Senior Subscriber Member
Lens looks fine to me... 3 sec @ f/11. ZD @ ISO 50. C1 4.1, processed desaturated to ChromeSpace, then saturated with ChromeSpace +35. Not the most exciting shot, it's just window lit with a gold reflector - and I couldn't really get enough fill into the dark areas so looks a bit dead. This is the N mount version of the lens.
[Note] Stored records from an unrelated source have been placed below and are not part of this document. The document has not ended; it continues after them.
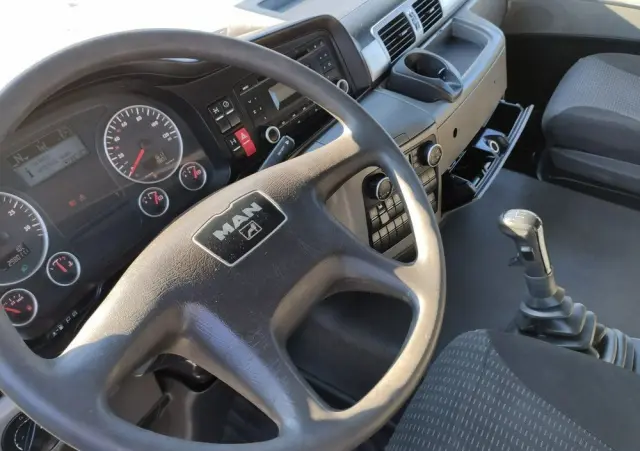 MAN TGS 26.360 6x4 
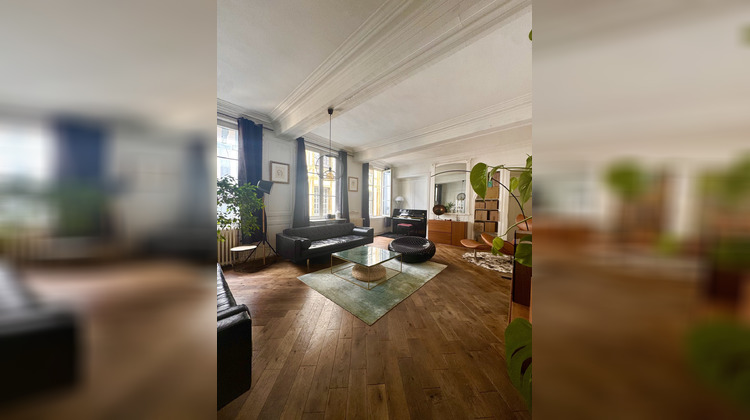 Ma-Cabane - Vente Appartement Rouen, 122 m²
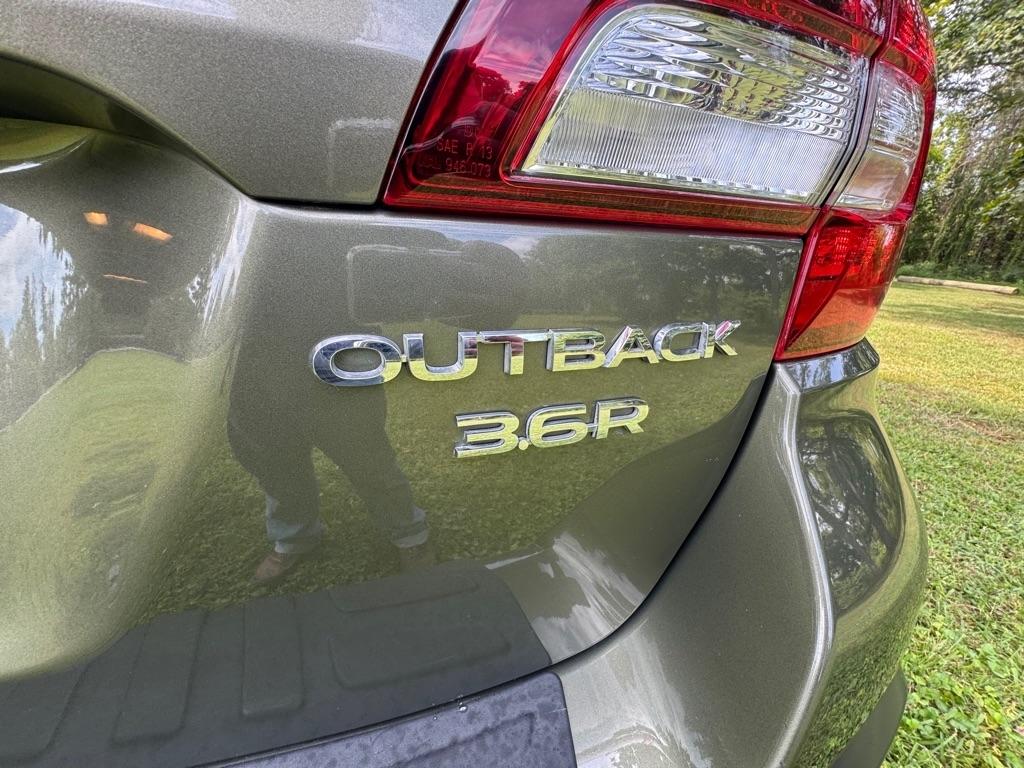 Subaru Outback 3.6R Limited 2018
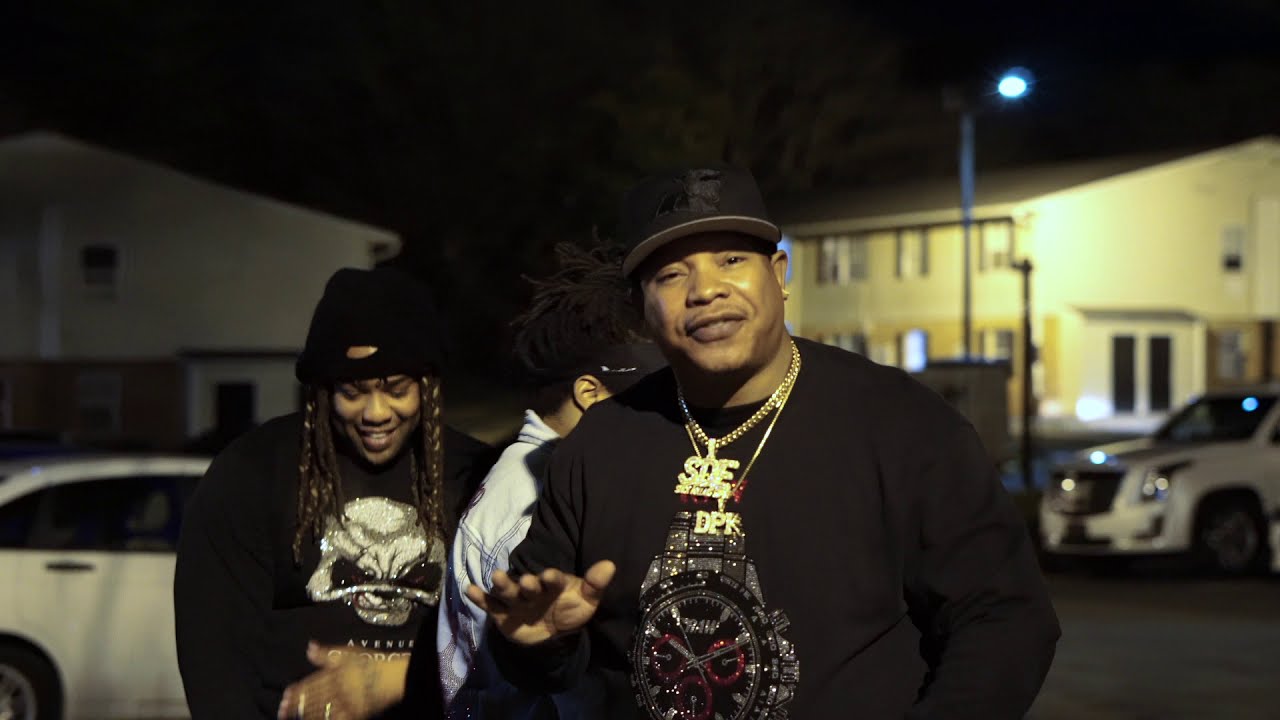 Rise DPK -  All On My Name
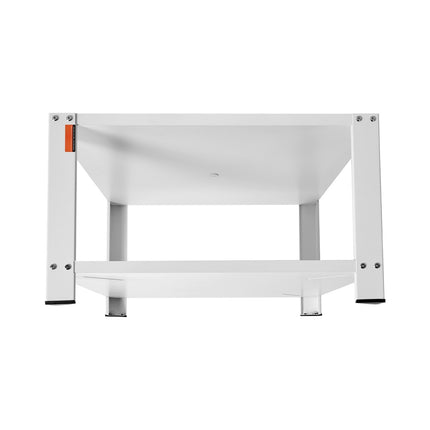 Washer Dryer Pedestal With Shelf, 28x28x16 in, 299kg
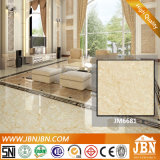 Marble Glazed Porcelain Full Polished Glossy Floor Tile (JM6681)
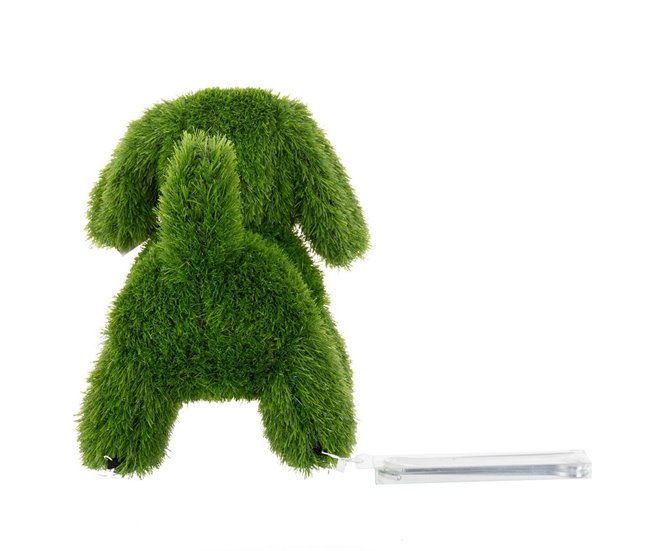 Figura Decorativa Verde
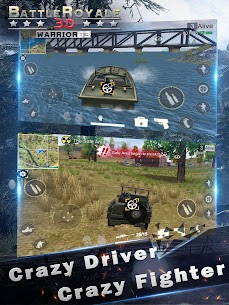 Battle Royale 3D MOD APK- Warrior63 (Unlimited Bullets) Download 10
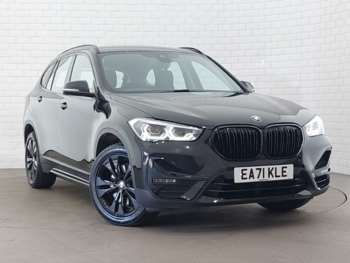 2021 - sDrive 20i Sport 5dr Step Auto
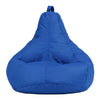Kids Reading Pod Bean Bag-Bean Bags,Bean Bags & Cushions,Eden Learning Spaces,Matrix Group,Nurture Room,Reading Area,SCOTEXCEL,Sensory Room Furniture-Blue-ED1KHBOD013-Learning SPACE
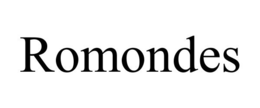 ROMONDES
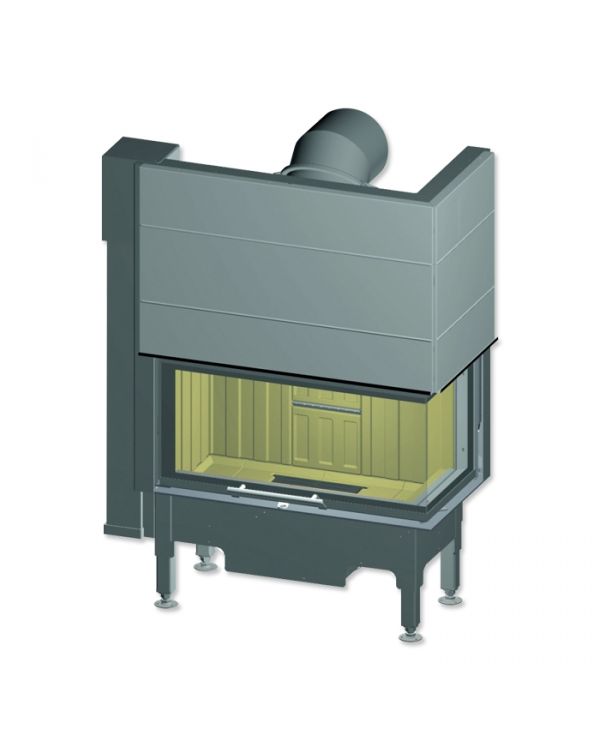 Kamineinsatz Spartherm Varia AS-2Rh-4s 7 kW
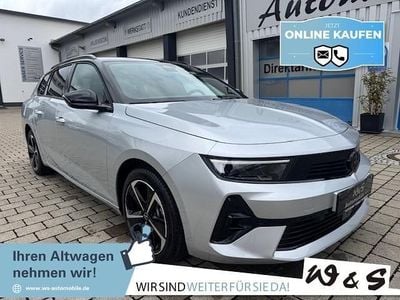 Neu Opel Astra 131 PS (96 kW) 2025 Silber Kombi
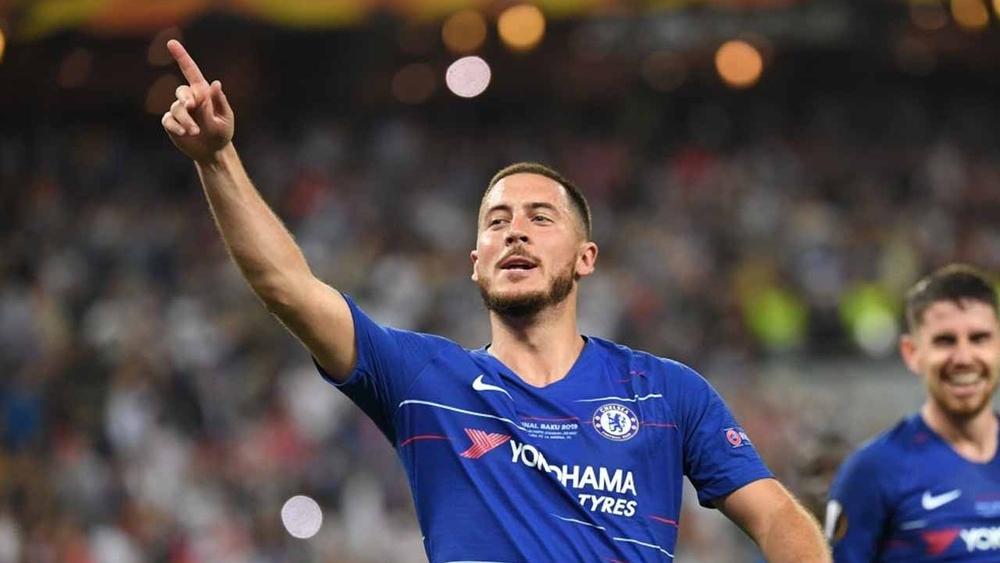 بعد يوفيتش.. ريال مدريد سيعلن عن صفقة هازار غدا الخميس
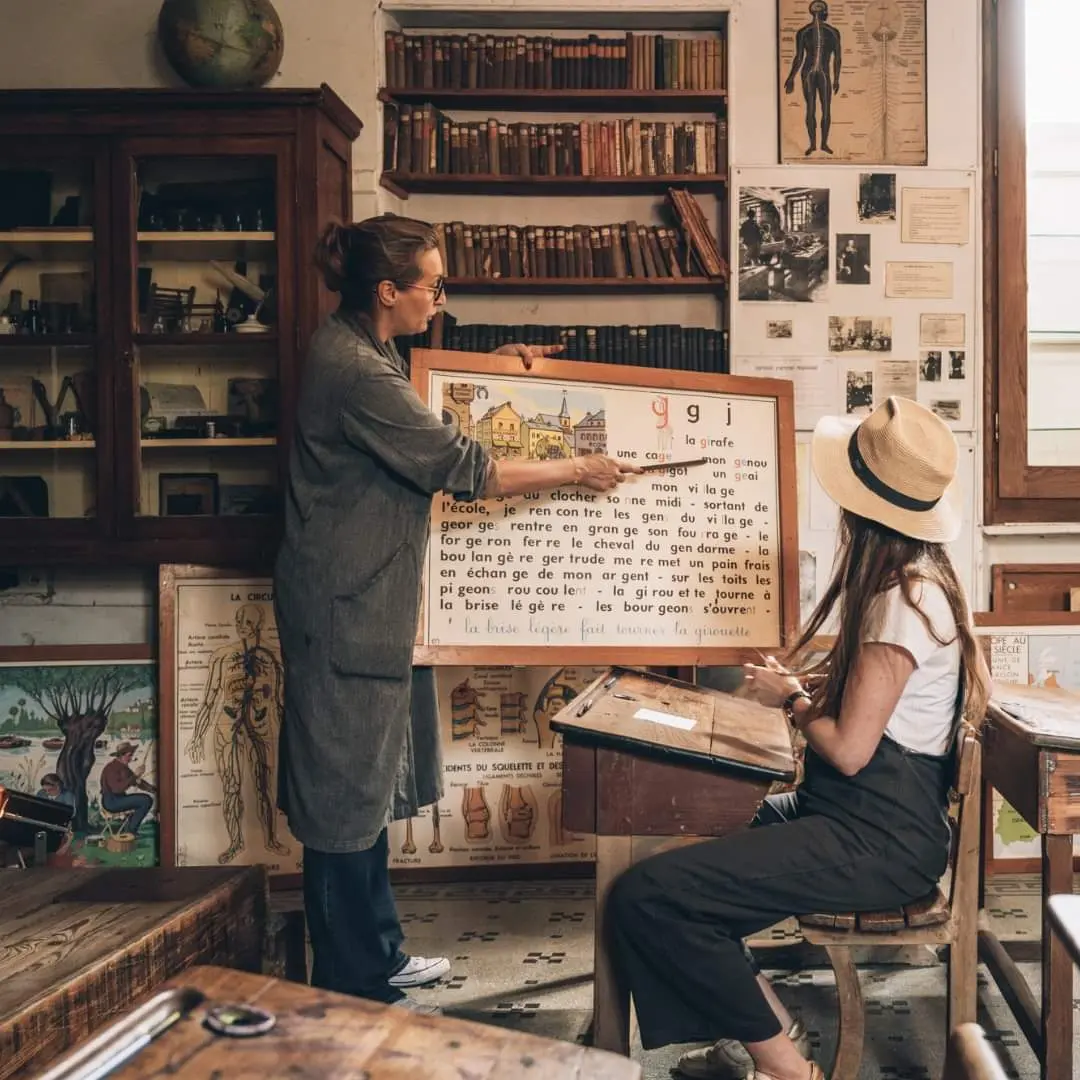 La Maison Champenoise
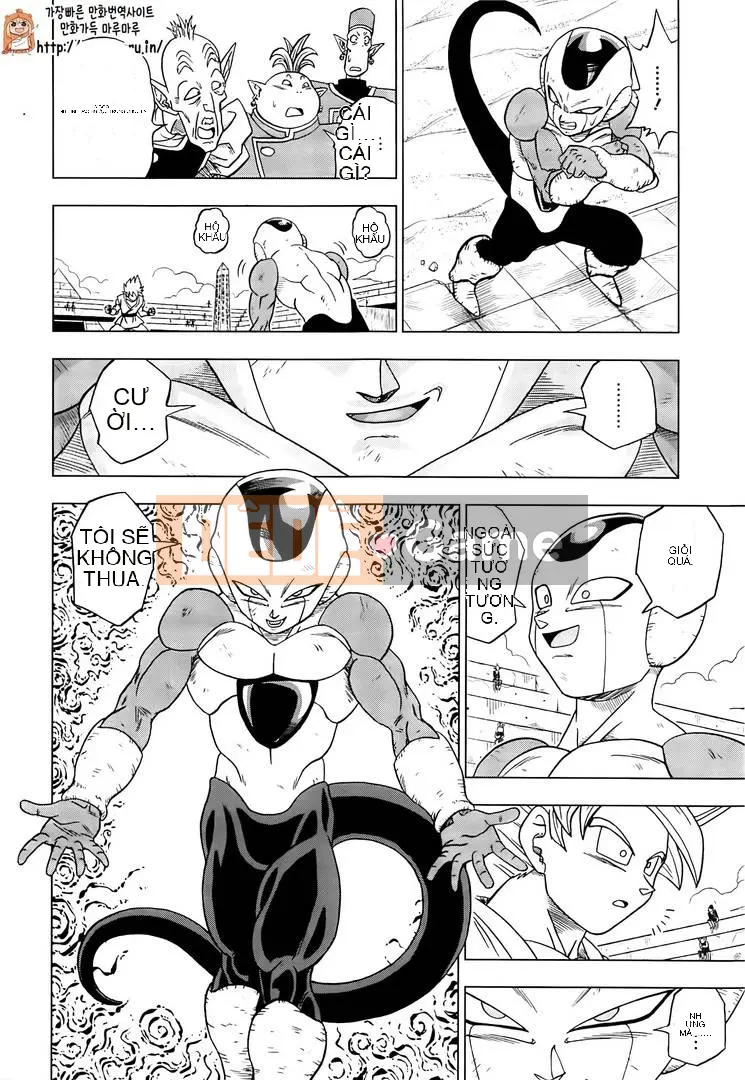 Dragon Ball Super Chương 010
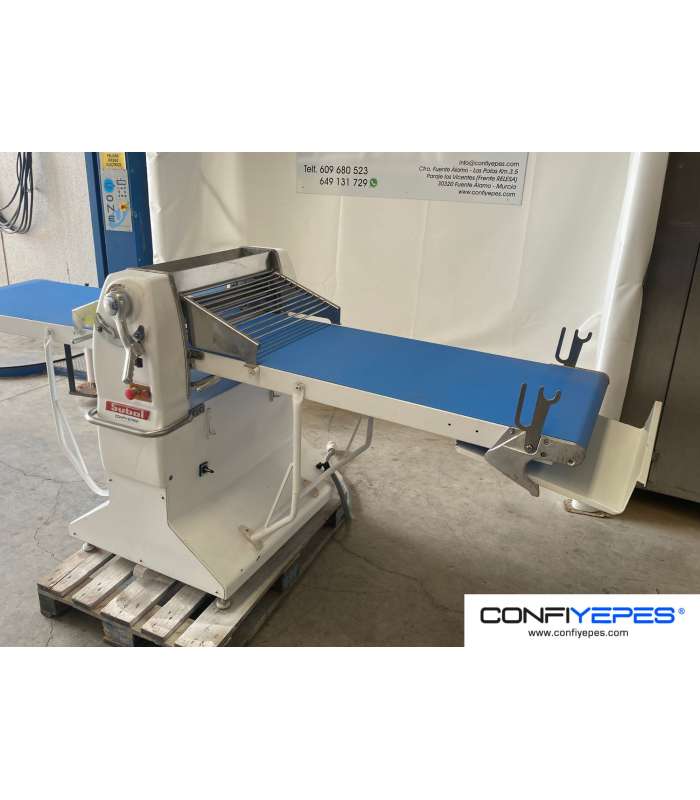 LAMINADORA DE MASAS SUBAL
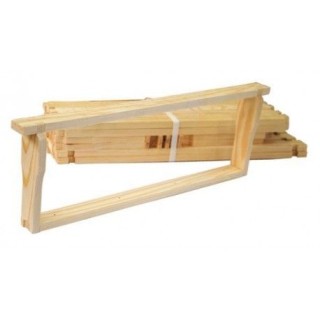 Ramka Dadant 1/2 hoffmanowska (10 szt.) - 3054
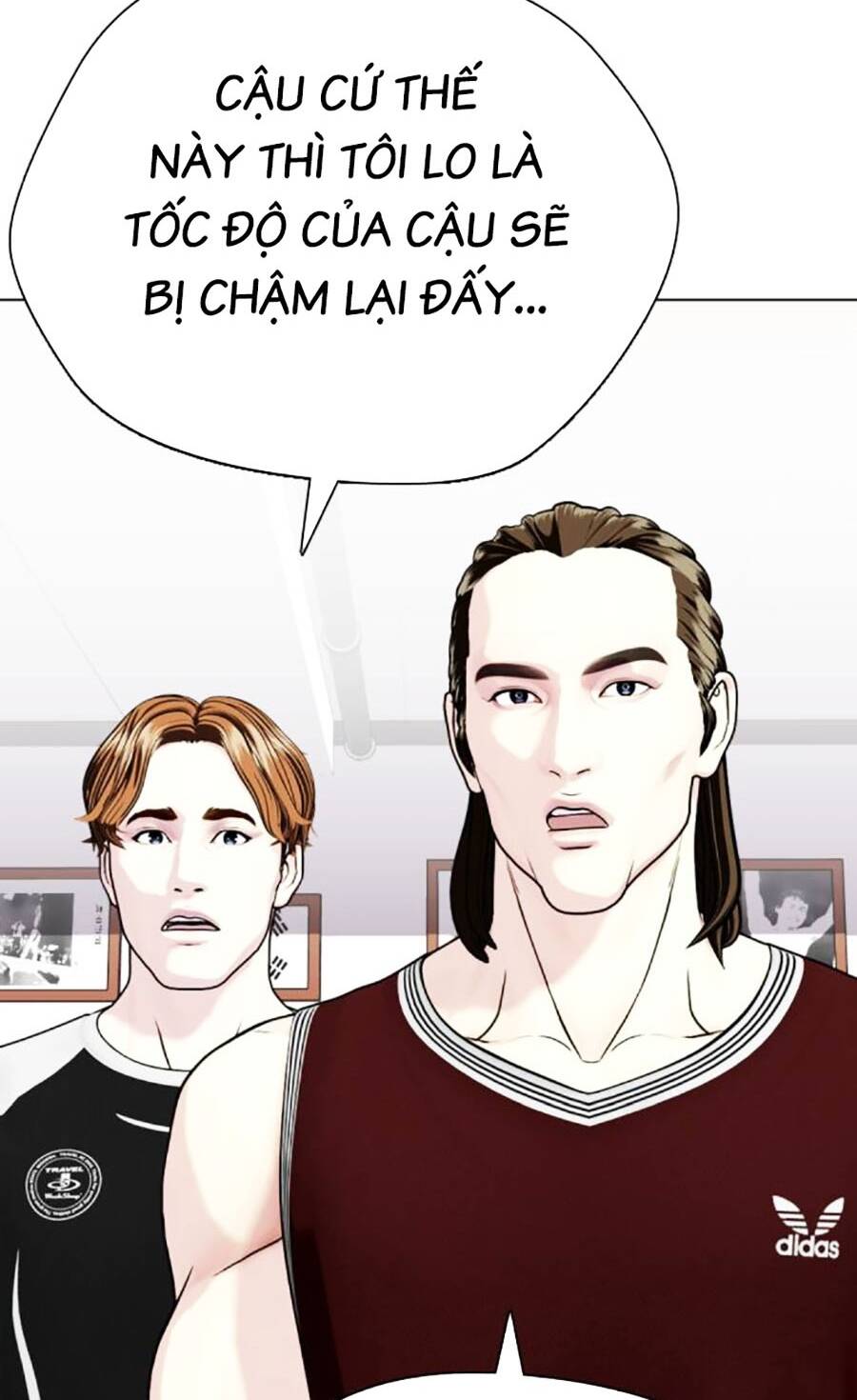 Loser Giỏi Võ Tập 37 trang 8
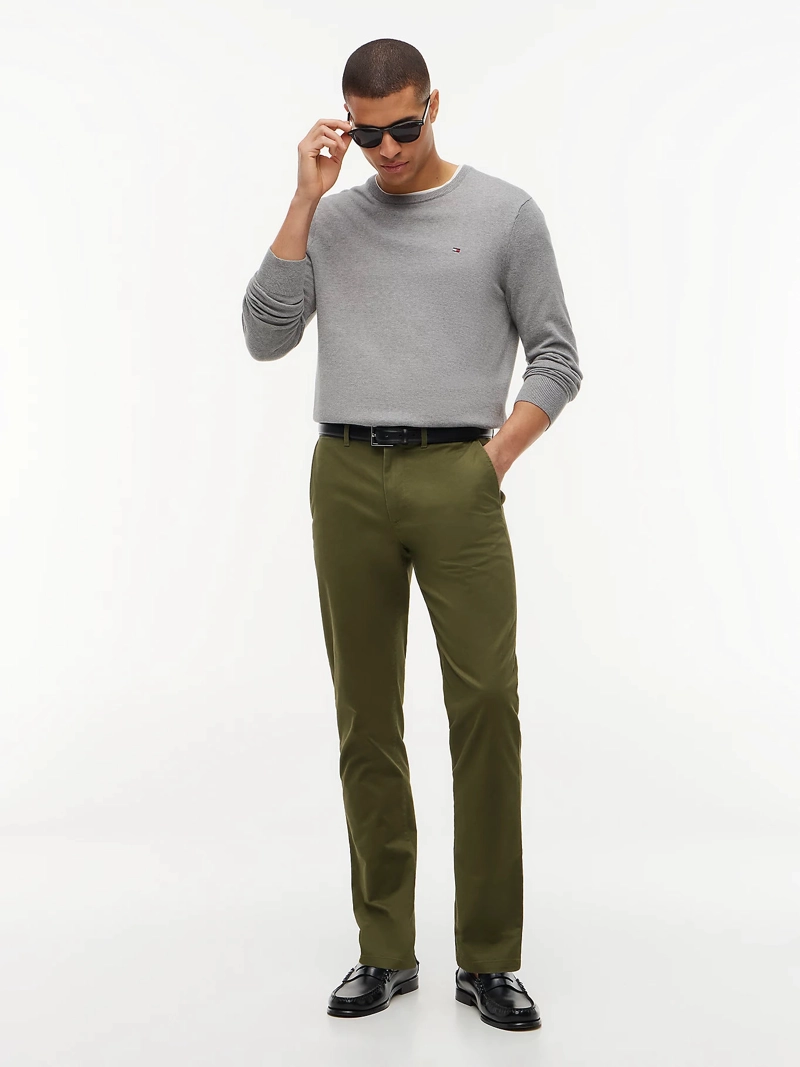 SWEATER BASICO SIGNATURE C-NECK - 2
What can I say. The lens does what it's supposed to... The 22MP back doesn't make it break a sweat. :thumbup:

Still fine tuning the processing; it's pretty sensitive to the raster showing through. I doubt that would really show in print though, and suspect it's mostly a result of inspecting fine detail on a high-contrast LCD display.
 

Jan Brittenson

Senior Subscriber Member
Oh, right you were wondering how it performs relative to the Leica APO 100.
I'd say it's comparable to the Macro 60. It doesn't have the bite of the 100, and is slightly flatter in contrast. It also has what appears to be a slight flare veil that manifests itself as a slightly right shifted histogram. It rolls off a little at the top. It's not a Leica, but in absolute terms it's a very good lens.
 

woodyspedden

New member
A bit of a tangent here.....but can anyone offer a comparison of this Mamiya 120/4 Macro with the Hasselblad 120/4 Macro? I've been thinking of adding a CF/CFE 120/4 "Makro" to my collection of lenses.....I'm just wondering if the Hasselblad lens is considered to be anywhere near as good as this Mamiya lens appears to be.

Gary

P.S. Although I should just be saving my pennies for this beauty....and finally join the MFDB club. :)
Gary

The V CFE 120 Macro is now my lens of choice for product shots. The only downside is that you really need (expensive hasselblad) extension tubes to get to 1:1 or even close. For 1:1 you need two of the 56mm tubes and if I recall those puppies go for close to $400 EACH! The new 120 HD macro lens for the H3 series goes directly to 1:1 without extenders. However the downside is that this lens is huge and heavy compared to my V series Zeiss lens. So I am going to use the V lens and bite the bullet on extension tubes. Makes more sense to me although the other point of view is to use the HD lens as a more general purpose lens as it has autofocus and if you believe the press, less flare. Apparently the new lens also has the ability to select the focus zone you want ( I believe there are four positions) and thus optimize things for macro, infinity etc. I have no experience with this lens so I can't comment on how all this translates to better imaging. Perhaps Marc Williams or others who have this lens can give us some insights.

Woody
 

robmac

Well-known member
Jan, thanks. While no 100 APO (what is) the L 60 is no slouch from F4 onwards - the Mamiya sounds nice

It would be interesting to see/hear how the various MF macros stack up against one another let alone against their Leica, CZ, Nikkor brethren. The Hassy CF makro sells at a considerable premium to the Mamiya, so would be cursious to see/hear how they compare.